Mind you, it is not given to you that the inequality holds. You need to find out whether it does. The LHS can be negative here (in case root x is less than root y) on its own. In that case, the inequality certainly doesn't hold.

Karishma,

#1- We are assuming that the given inequality is TRUE, and then evaluating its correctness. Hence, if x and y are positive, sqrt(x)-sqrt(y) will be positive. If it's -ve then the inequality cannot hold good. That's what happened in the end.
#2 - One of the best strategies on MUST BE TRUE questions is to solve the equation as much as possible. There are questions on which plugging-in numbers won't work at all.

Thoughts?

Having interacted with you over the past few months, I think that you genuinely care about having strong concepts. Hence, I will try to explain in detail the points you are missing (in my opinion):

#2 - One of the best strategies on MUST BE TRUE questions is to solve the equation as much as possible. There are questions on which plugging-in numbers won't work at all.

Absolutely!
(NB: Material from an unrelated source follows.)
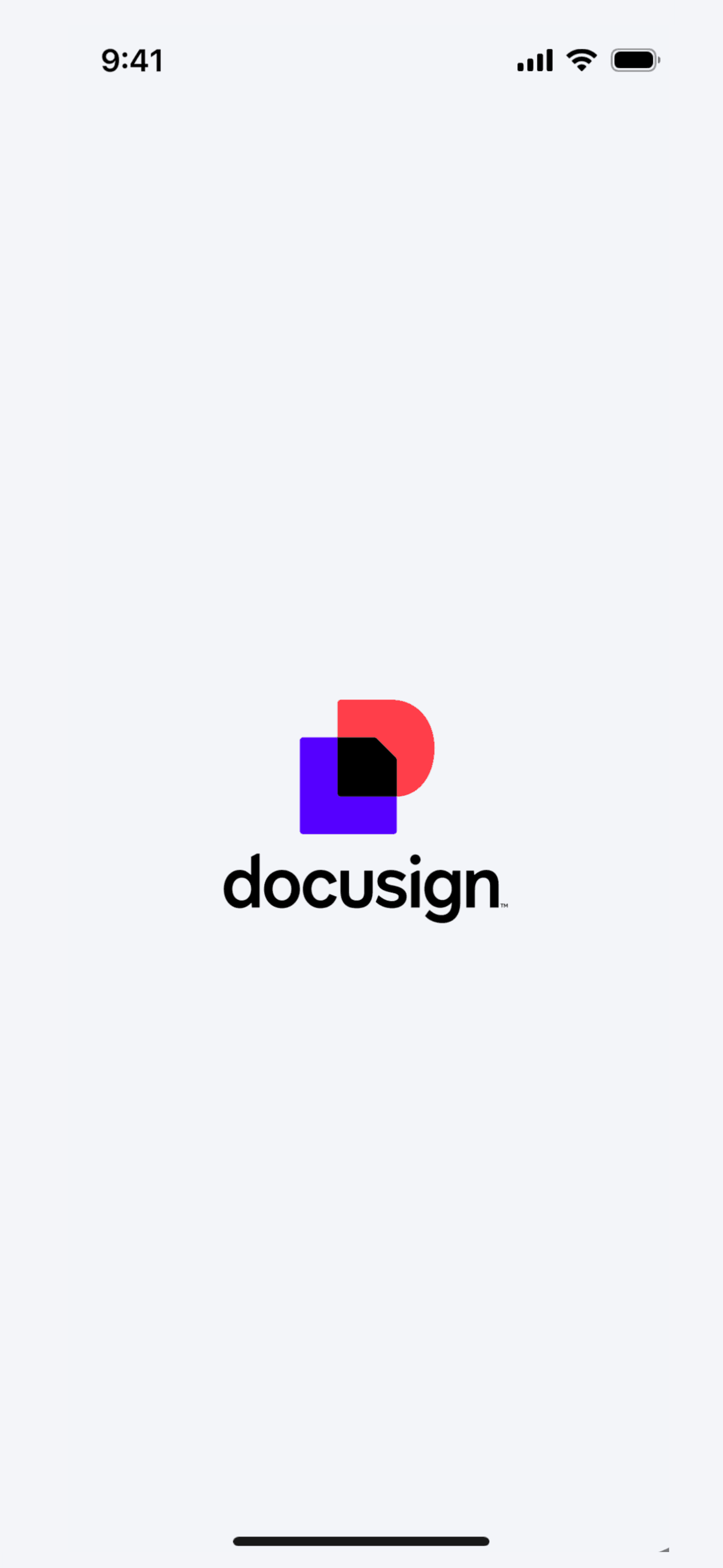 Docusign iOS Productivity interface screenshot 1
I dislike number plugging. For most questions, I follow the strategy of thinking logically; I try to apply conceptual understanding to questions. That said, in some questions, number plugging is what works. For 'MUST BE TRUE' questions, number plugging is useless if the relation actually must be true. You cannot plug in every number and check to establish that the relation is indeed true. So once you get that the relation holds for numbers from different ranges, you need to start thinking logically why it must hold for all numbers. On the other hand, if you can find one number for which the relation doesn't hold true, you are done! You already know that the relation doesn't hold for all numbers. Hence, in some cases, the most successful strategy is when you can see that the relation does not hold for an easy number e.g. 0 or 1 etc. Hence, number plugging has its uses, limited they may be.
In the context of this question, what I see is that you are removing the roots and then plugging in numbers (in statement II). Removing the roots didn't actually give you the range, right? Statement III worked out well but it was a fluke. I will explain this more in your next point.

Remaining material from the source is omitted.